Word for word, restate all of the records.

_Source records_
________________

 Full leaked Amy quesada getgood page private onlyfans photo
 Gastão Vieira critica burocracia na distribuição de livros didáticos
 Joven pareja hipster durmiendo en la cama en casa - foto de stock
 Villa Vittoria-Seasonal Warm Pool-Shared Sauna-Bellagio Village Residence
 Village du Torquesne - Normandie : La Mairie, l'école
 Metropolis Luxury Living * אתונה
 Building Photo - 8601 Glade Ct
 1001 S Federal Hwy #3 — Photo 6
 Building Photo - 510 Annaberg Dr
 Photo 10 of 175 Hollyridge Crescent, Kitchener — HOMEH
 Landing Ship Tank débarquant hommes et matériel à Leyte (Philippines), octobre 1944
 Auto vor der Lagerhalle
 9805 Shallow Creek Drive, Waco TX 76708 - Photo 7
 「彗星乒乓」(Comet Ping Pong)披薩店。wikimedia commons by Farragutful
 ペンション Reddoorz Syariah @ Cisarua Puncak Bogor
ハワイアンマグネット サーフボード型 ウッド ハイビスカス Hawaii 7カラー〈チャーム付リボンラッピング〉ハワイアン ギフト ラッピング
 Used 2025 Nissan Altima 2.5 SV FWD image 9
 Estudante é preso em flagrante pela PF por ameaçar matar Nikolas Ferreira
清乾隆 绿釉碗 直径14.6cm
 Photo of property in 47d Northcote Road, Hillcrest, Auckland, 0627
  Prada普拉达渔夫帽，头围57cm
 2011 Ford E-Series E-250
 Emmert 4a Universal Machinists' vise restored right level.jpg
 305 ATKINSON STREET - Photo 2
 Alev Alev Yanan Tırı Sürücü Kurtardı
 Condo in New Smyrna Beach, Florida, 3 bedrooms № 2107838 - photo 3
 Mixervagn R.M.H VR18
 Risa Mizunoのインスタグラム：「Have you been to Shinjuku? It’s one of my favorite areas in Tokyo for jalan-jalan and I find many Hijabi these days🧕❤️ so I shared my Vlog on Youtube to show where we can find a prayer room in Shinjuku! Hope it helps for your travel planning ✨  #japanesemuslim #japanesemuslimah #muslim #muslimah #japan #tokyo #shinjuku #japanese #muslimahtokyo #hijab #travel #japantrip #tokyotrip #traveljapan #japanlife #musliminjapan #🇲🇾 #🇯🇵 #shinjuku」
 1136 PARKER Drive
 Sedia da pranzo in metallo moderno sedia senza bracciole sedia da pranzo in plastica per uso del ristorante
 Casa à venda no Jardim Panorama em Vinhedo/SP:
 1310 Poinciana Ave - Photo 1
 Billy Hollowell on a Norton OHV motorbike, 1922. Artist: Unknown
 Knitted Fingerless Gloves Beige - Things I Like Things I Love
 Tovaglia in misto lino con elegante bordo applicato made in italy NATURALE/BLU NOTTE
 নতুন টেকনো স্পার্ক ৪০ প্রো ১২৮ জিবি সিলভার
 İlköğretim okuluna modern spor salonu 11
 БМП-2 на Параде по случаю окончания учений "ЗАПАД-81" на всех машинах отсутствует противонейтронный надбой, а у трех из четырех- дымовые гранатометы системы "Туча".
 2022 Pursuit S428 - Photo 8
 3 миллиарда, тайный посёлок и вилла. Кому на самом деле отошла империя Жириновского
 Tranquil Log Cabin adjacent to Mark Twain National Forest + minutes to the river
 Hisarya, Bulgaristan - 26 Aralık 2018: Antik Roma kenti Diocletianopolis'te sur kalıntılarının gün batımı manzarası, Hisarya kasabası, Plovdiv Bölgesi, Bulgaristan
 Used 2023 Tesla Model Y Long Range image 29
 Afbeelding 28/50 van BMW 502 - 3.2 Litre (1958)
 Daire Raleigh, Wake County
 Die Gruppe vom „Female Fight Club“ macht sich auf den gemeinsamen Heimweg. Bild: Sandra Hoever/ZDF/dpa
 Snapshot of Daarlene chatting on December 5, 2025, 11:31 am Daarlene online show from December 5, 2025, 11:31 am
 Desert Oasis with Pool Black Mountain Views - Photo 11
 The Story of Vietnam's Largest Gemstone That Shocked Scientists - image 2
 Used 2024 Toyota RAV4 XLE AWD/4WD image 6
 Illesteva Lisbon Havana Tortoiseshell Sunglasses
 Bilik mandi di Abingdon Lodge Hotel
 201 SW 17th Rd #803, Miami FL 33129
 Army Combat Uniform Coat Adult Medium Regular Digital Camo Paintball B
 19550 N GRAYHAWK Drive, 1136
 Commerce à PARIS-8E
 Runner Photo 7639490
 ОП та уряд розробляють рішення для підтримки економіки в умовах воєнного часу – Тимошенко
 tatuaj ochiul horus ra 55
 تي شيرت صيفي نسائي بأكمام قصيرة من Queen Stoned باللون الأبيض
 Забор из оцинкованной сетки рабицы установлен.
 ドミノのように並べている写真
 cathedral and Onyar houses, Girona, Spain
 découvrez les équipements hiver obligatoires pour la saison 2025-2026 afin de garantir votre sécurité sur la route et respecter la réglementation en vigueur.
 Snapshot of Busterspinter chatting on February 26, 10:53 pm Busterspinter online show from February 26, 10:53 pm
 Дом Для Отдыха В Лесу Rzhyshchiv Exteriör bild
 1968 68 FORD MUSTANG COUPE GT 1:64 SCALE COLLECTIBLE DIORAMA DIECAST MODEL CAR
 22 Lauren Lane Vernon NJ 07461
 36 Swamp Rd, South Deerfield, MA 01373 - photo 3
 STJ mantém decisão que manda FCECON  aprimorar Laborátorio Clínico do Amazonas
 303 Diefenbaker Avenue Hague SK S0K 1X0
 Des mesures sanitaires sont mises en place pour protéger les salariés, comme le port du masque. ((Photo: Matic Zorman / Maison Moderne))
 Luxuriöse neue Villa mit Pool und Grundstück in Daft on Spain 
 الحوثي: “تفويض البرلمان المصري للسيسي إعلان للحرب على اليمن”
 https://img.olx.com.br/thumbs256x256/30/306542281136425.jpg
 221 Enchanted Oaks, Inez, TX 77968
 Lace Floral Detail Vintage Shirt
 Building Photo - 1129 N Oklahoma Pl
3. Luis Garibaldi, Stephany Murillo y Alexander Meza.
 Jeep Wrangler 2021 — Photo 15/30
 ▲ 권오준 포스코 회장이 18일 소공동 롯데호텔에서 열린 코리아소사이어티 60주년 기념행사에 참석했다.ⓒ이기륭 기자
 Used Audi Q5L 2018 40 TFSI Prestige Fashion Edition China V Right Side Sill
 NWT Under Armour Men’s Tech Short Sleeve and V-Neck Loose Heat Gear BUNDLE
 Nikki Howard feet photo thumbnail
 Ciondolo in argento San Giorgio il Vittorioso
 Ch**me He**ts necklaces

________________

_Solution to this exercise_
 Full leaked Amy quesada getgood page private onlyfans photo
 Gastão Vieira critica burocracia na distribuição de livros didáticos
 Joven pareja hipster durmiendo en la cama en casa - foto de stock
 Villa Vittoria-Seasonal Warm Pool-Shared Sauna-Bellagio Village Residence
 Village du Torquesne - Normandie : La Mairie, l'école
 Metropolis Luxury Living * אתונה
 Building Photo - 8601 Glade Ct
 1001 S Federal Hwy #3 — Photo 6
 Building Photo - 510 Annaberg Dr
 Photo 10 of 175 Hollyridge Crescent, Kitchener — HOMEH
 Landing Ship Tank débarquant hommes et matériel à Leyte (Philippines), octobre 1944
 Auto vor der Lagerhalle
 9805 Shallow Creek Drive, Waco TX 76708 - Photo 7
 「彗星乒乓」(Comet Ping Pong)披薩店。wikimedia commons by Farragutful
 ペンション Reddoorz Syariah @ Cisarua Puncak Bogor
ハワイアンマグネット サーフボード型 ウッド ハイビスカス Hawaii 7カラー〈チャーム付リボンラッピング〉ハワイアン ギフト ラッピング
 Used 2025 Nissan Altima 2.5 SV FWD image 9
 Estudante é preso em flagrante pela PF por ameaçar matar Nikolas Ferreira
清乾隆 绿釉碗 直径14.6cm
 Photo of property in 47d Northcote Road, Hillcrest, Auckland, 0627
  Prada普拉达渔夫帽，头围57cm
 2011 Ford E-Series E-250
 Emmert 4a Universal Machinists' vise restored right level.jpg
 305 ATKINSON STREET - Photo 2
 Alev Alev Yanan Tırı Sürücü Kurtardı
 Condo in New Smyrna Beach, Florida, 3 bedrooms № 2107838 - photo 3
 Mixervagn R.M.H VR18
 Risa Mizunoのインスタグラム：「Have you been to Shinjuku? It’s one of my favorite areas in Tokyo for jalan-jalan and I find many Hijabi these days🧕❤️ so I shared my Vlog on Youtube to show where we can find a prayer room in Shinjuku! Hope it helps for your travel planning ✨  #japanesemuslim #japanesemuslimah #muslim #muslimah #japan #tokyo #shinjuku #japanese #muslimahtokyo #hijab #travel #japantrip #tokyotrip #traveljapan #japanlife #musliminjapan #🇲🇾 #🇯🇵 #shinjuku」
 1136 PARKER Drive
 Sedia da pranzo in metallo moderno sedia senza bracciole sedia da pranzo in plastica per uso del ristorante
 Casa à venda no Jardim Panorama em Vinhedo/SP:
 1310 Poinciana Ave - Photo 1
 Billy Hollowell on a Norton OHV motorbike, 1922. Artist: Unknown
 Knitted Fingerless Gloves Beige - Things I Like Things I Love
 Tovaglia in misto lino con elegante bordo applicato made in italy NATURALE/BLU NOTTE
 নতুন টেকনো স্পার্ক ৪০ প্রো ১২৮ জিবি সিলভার
 İlköğretim okuluna modern spor salonu 11
 БМП-2 на Параде по случаю окончания учений "ЗАПАД-81" на всех машинах отсутствует противонейтронный надбой, а у трех из четырех- дымовые гранатометы системы "Туча".
 2022 Pursuit S428 - Photo 8
 3 миллиарда, тайный посёлок и вилла. Кому на самом деле отошла империя Жириновского
 Tranquil Log Cabin adjacent to Mark Twain National Forest + minutes to the river
 Hisarya, Bulgaristan - 26 Aralık 2018: Antik Roma kenti Diocletianopolis'te sur kalıntılarının gün batımı manzarası, Hisarya kasabası, Plovdiv Bölgesi, Bulgaristan
 Used 2023 Tesla Model Y Long Range image 29
 Afbeelding 28/50 van BMW 502 - 3.2 Litre (1958)
 Daire Raleigh, Wake County
 Die Gruppe vom „Female Fight Club“ macht sich auf den gemeinsamen Heimweg. Bild: Sandra Hoever/ZDF/dpa
 Snapshot of Daarlene chatting on December 5, 2025, 11:31 am Daarlene online show from December 5, 2025, 11:31 am
 Desert Oasis with Pool Black Mountain Views - Photo 11
 The Story of Vietnam's Largest Gemstone That Shocked Scientists - image 2
 Used 2024 Toyota RAV4 XLE AWD/4WD image 6
 Illesteva Lisbon Havana Tortoiseshell Sunglasses
 Bilik mandi di Abingdon Lodge Hotel
 201 SW 17th Rd #803, Miami FL 33129
 Army Combat Uniform Coat Adult Medium Regular Digital Camo Paintball B
 19550 N GRAYHAWK Drive, 1136
 Commerce à PARIS-8E
 Runner Photo 7639490
 ОП та уряд розробляють рішення для підтримки економіки в умовах воєнного часу – Тимошенко
 tatuaj ochiul horus ra 55
 تي شيرت صيفي نسائي بأكمام قصيرة من Queen Stoned باللون الأبيض
 Забор из оцинкованной сетки рабицы установлен.
 ドミノのように並べている写真
 cathedral and Onyar houses, Girona, Spain
 découvrez les équipements hiver obligatoires pour la saison 2025-2026 afin de garantir votre sécurité sur la route et respecter la réglementation en vigueur.
 Snapshot of Busterspinter chatting on February 26, 10:53 pm Busterspinter online show from February 26, 10:53 pm
 Дом Для Отдыха В Лесу Rzhyshchiv Exteriör bild
 1968 68 FORD MUSTANG COUPE GT 1:64 SCALE COLLECTIBLE DIORAMA DIECAST MODEL CAR
 22 Lauren Lane Vernon NJ 07461
 36 Swamp Rd, South Deerfield, MA 01373 - photo 3
 STJ mantém decisão que manda FCECON  aprimorar Laborátorio Clínico do Amazonas
 303 Diefenbaker Avenue Hague SK S0K 1X0
 Des mesures sanitaires sont mises en place pour protéger les salariés, comme le port du masque. ((Photo: Matic Zorman / Maison Moderne))
 Luxuriöse neue Villa mit Pool und Grundstück in Daft on Spain 
 الحوثي: “تفويض البرلمان المصري للسيسي إعلان للحرب على اليمن”
 https://img.olx.com.br/thumbs256x256/30/306542281136425.jpg
 221 Enchanted Oaks, Inez, TX 77968
 Lace Floral Detail Vintage Shirt
 Building Photo - 1129 N Oklahoma Pl
3. Luis Garibaldi, Stephany Murillo y Alexander Meza.
 Jeep Wrangler 2021 — Photo 15/30
 ▲ 권오준 포스코 회장이 18일 소공동 롯데호텔에서 열린 코리아소사이어티 60주년 기념행사에 참석했다.ⓒ이기륭 기자
 Used Audi Q5L 2018 40 TFSI Prestige Fashion Edition China V Right Side Sill
 NWT Under Armour Men’s Tech Short Sleeve and V-Neck Loose Heat Gear BUNDLE
 Nikki Howard feet photo thumbnail
 Ciondolo in argento San Giorgio il Vittorioso
 Ch**me He**ts necklaces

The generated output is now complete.